Marcus Leese of Ogier looks at some of the trends and developments in estate and succession planning in mainland China, including key characteristics of the local market.

Date: Dec 2011

Tags: China, Estate Planning, Succession planning, Trusts, Regulation

  • Estate planning for Chinese clients from the mainland is relatively limited to date
  • Because much of the wealth generation in mainland China has been quite recent, any wealth planning has to take into account that a significant part of their wealth is still actively within their businesses
  • Clients in mainland China are often concerned about estate planning due to the perception that it will inevitably involve in the loss of ownership or loss of control of assets
  • Freer foreign exchange movement and a more conducive legal environment for trusts and other structures would facilitate a greater take-up of wealth planning in China

To date, estate planning for Chinese clients from the mainland is relatively limited, said Marcus Leese in an interview.

There are potentially various reasons for this, he explained. These include a combination of: issues around discussing mortality, a disinclination to consider structures that might involve a loss of control of the assets, and a lack of awareness of the range of solutions available and the ways these can help to avoid problems in the future.

Vehicles for Chinese clients

For those Chinese clients who do estate or succession planning, Leese said that in his experience, the structures they use are no different from the ones used by clients from other jurisdictions, either within Asia or beyond – trusts, companies and, to an extent, foundations.

However, he added, because much of the wealth generation in mainland China has been quite recent, Leese said many clients are still actively involved in their trading businesses, and therefore any wealth planning they do has to take account of the fact that a significant part of their wealth is still actively within their businesses, rather than devoted to financial assets, as is the case in many other parts of the world.

Another important difference, he explained, is the nature of the legal and regulatory environment, and the exchange controls which exist in few other places inevitably have an impact on the nature of any private wealth structures.

In line with this, there is often a striking divergence between the estate planning done for assets held outside China versus those which are within, said Leese.

Dealing with loss of control

According to Leese, clients in mainland China are often concerned about estate planning due to the perception that it will inevitably involve in the loss of ownership or loss of control of assets.

In his experience, however, the reality is that significant and beneficial estate planning can be achieved in such a way as to either avoid the loss of control or, at the very least, to minimise it to an accepted level.

This allows the family to continue to have an important and active decision-making role, he said, explaining that this issue should not be a reason to avoid or to delay making the estate plan.

Evolving frameworks in China

To facilitate a greater take-up of wealth planning in China, the element which Leese said would be helpful and productive in relation to the private wealth industry would partly be either completely free or largely free foreign exchange movement.
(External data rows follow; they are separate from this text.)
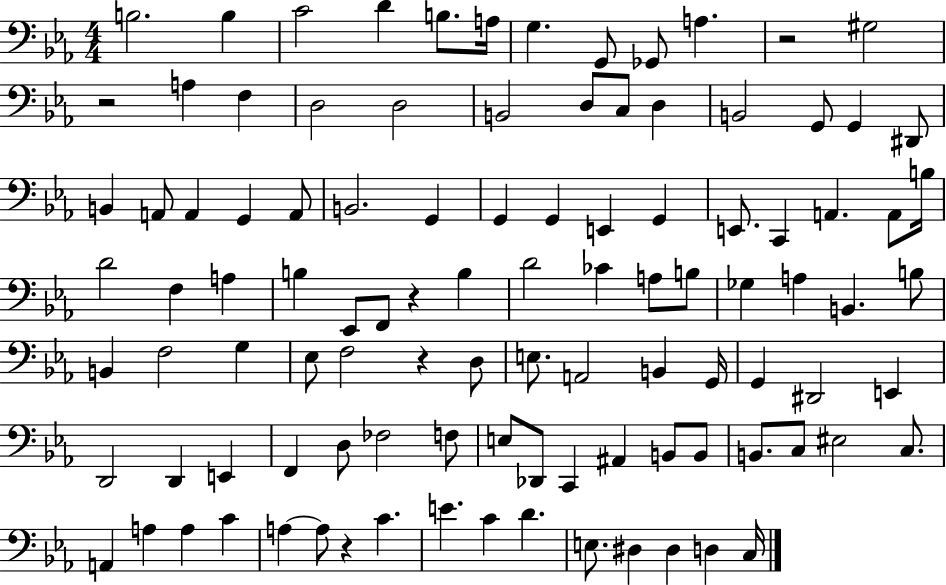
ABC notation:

X:1
T:Untitled
M:4/4
L:1/4
K:Eb
B,2 B, C2 D B,/2 A,/4 G, G,,/2 _G,,/2 A, z2 ^G,2 z2 A, F, D,2 D,2 B,,2 D,/2 C,/2 D, B,,2 G,,/2 G,, ^D,,/2 B,, A,,/2 A,, G,, A,,/2 B,,2 G,, G,, G,, E,, G,, E,,/2 C,, A,, A,,/2 B,/4 D2 F, A, B, _E,,/2 F,,/2 z B, D2 _C A,/2 B,/2 _G, A, B,, B,/2 B,, F,2 G, _E,/2 F,2 z D,/2 E,/2 A,,2 B,, G,,/4 G,, ^D,,2 E,, D,,2 D,, E,, F,, D,/2 _F,2 F,/2 E,/2 _D,,/2 C,, ^A,, B,,/2 B,,/2 B,,/2 C,/2 ^E,2 C,/2 A,, A, A, C A, A,/2 z C E C D E,/2 ^D, ^D, D, C,/4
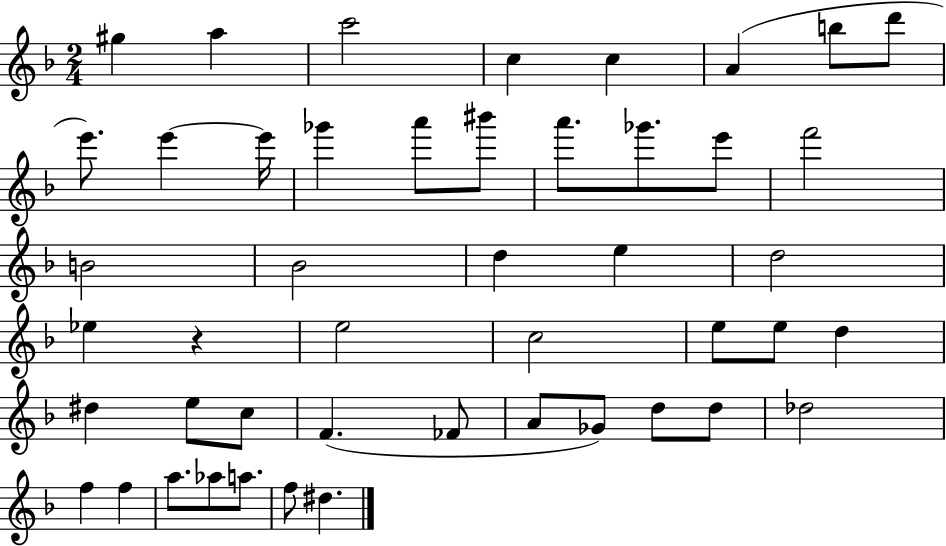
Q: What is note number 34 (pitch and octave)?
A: FES4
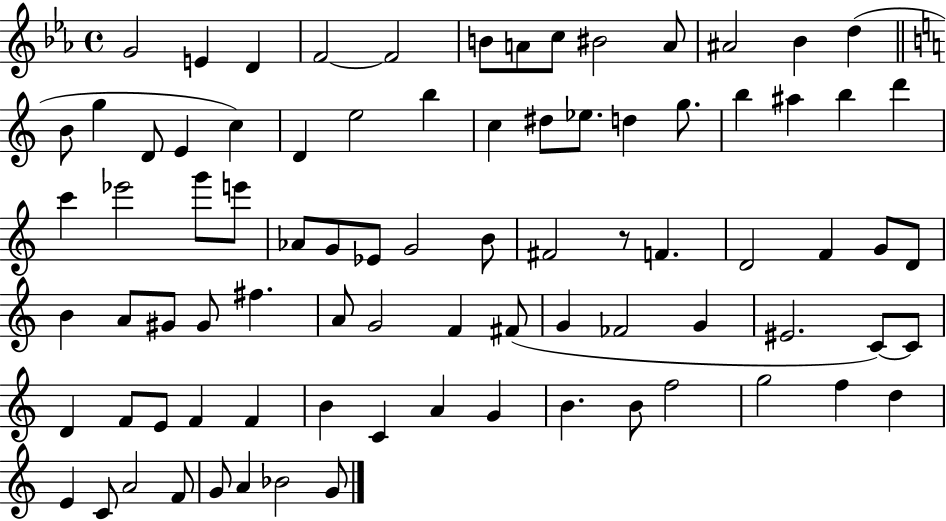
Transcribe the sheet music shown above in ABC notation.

X:1
T:Untitled
M:4/4
L:1/4
K:Eb
G2 E D F2 F2 B/2 A/2 c/2 ^B2 A/2 ^A2 _B d B/2 g D/2 E c D e2 b c ^d/2 _e/2 d g/2 b ^a b d' c' _e'2 g'/2 e'/2 _A/2 G/2 _E/2 G2 B/2 ^F2 z/2 F D2 F G/2 D/2 B A/2 ^G/2 ^G/2 ^f A/2 G2 F ^F/2 G _F2 G ^E2 C/2 C/2 D F/2 E/2 F F B C A G B B/2 f2 g2 f d E C/2 A2 F/2 G/2 A _B2 G/2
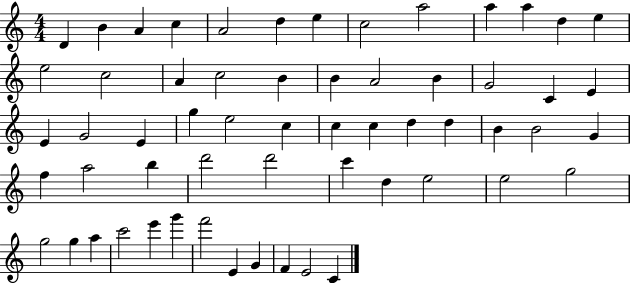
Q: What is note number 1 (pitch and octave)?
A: D4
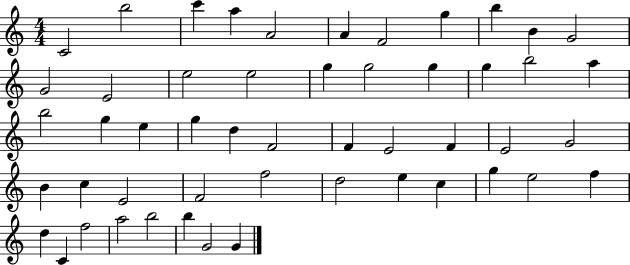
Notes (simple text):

C4/h B5/h C6/q A5/q A4/h A4/q F4/h G5/q B5/q B4/q G4/h G4/h E4/h E5/h E5/h G5/q G5/h G5/q G5/q B5/h A5/q B5/h G5/q E5/q G5/q D5/q F4/h F4/q E4/h F4/q E4/h G4/h B4/q C5/q E4/h F4/h F5/h D5/h E5/q C5/q G5/q E5/h F5/q D5/q C4/q F5/h A5/h B5/h B5/q G4/h G4/q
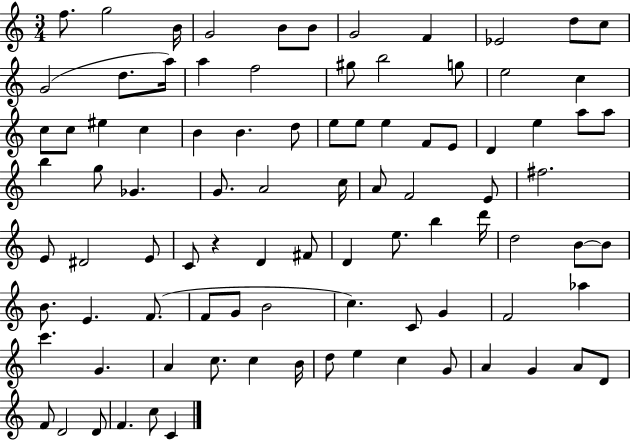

This would allow a more open or transparent division of assets between onshore China and offshore China.

In addition, a legal environment which clearly recognises and takes account of the sorts of structures which are commonly seen in wealth planning would also be helpful, he added, for example foundations and trusts.

Another helpful factor would be a regulatory regime which provides a suitable level of regulation of financial services, said Leese, including entities such as trust companies, consistent with the international approach for such regulation.